Ilustrasi Prajurit TNI -- Antara
FAJAR.CO.ID, TEL AVIV -- Dinas Rahasia Israel, Mossad menyoroti rencana Pemerintah Indonesia untuk mengirim prajurit TNI ke Gaza, Palestina. Dalam akun resminya di media sosial X, Mossad dengan tegas menyatakan bahwa mandat pasukan internasional adalah melucuti senjata Hamas.
"Tidak ada pasukan internasional yang boleh memasuki Gaza kecuali mandat utamanya adalah melucuti senjata Hamas," begitu bunyi pernyataan Mossad di akun media sosialnya dikutip, Selasa (10/2).
Dia menegaskan, selain mandat melucuti senjata Hamas, Mossad menyatakan bahwa keberadaan pasukan internasional berisiko mengulangi bencana UNIFIL di Lebanon.
"Para pengamat menyaksikan teroris mempersenjatai diri kembali. Pasukan penjaga perdamaian menjadi perisai manusia, kelompok teroris semakin kuat di bawah situasi stabil," tambahnya.

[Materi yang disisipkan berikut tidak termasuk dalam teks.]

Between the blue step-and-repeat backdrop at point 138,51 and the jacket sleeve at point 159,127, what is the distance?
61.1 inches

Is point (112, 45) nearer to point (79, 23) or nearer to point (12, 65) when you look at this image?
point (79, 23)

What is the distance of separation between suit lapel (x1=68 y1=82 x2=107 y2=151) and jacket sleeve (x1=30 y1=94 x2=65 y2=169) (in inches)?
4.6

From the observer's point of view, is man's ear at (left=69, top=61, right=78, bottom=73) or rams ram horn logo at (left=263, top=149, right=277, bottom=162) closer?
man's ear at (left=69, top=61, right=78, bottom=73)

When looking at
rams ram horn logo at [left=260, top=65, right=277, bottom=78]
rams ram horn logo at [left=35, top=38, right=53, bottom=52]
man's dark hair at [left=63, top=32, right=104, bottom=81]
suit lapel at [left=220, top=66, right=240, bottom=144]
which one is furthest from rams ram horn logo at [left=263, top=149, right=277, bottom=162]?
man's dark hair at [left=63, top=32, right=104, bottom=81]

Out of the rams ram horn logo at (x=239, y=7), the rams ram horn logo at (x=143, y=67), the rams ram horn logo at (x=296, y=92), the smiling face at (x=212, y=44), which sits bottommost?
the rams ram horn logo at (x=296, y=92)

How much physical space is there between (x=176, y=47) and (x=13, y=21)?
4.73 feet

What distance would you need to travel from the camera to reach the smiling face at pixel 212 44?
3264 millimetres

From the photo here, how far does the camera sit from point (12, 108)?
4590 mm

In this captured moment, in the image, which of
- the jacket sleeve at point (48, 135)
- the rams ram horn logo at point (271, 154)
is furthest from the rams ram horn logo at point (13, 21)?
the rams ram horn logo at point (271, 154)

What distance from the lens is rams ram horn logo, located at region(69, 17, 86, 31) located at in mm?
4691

Tuding hanya Lindungi Teroris
Mossad juga menyinggung sikap Hamas selama ini yakni tidak akan bersedia dilucuti senjatanya, tetapi mempersenjatai dirinya kembali, merekrut anggota, hingga memperketat kendali atas kehidupan sipil.
Dia menegaskan, tidak dapat membangun perdamaian di atas rezim jihadis bersenjata yang tujuan nyatanya adalah penghancuran Israel.
"Menjaga perdamaian tanpa perlucutan senjata bukanlah menjaga perdamaian. Ini adalah perlindungan bagi teroris. Tidak satu pun pasukan darat yang menginjakkan kaki di Gaza tanpa perlunya pelucutan senjata Hamas," tandasnya.
Indonesia Sudah Siapkan Prajurit
Sebelumnya, pemerintah Indonesia memastikan kesiapan pengiriman prajurit TNI ke Gaza, Palestina.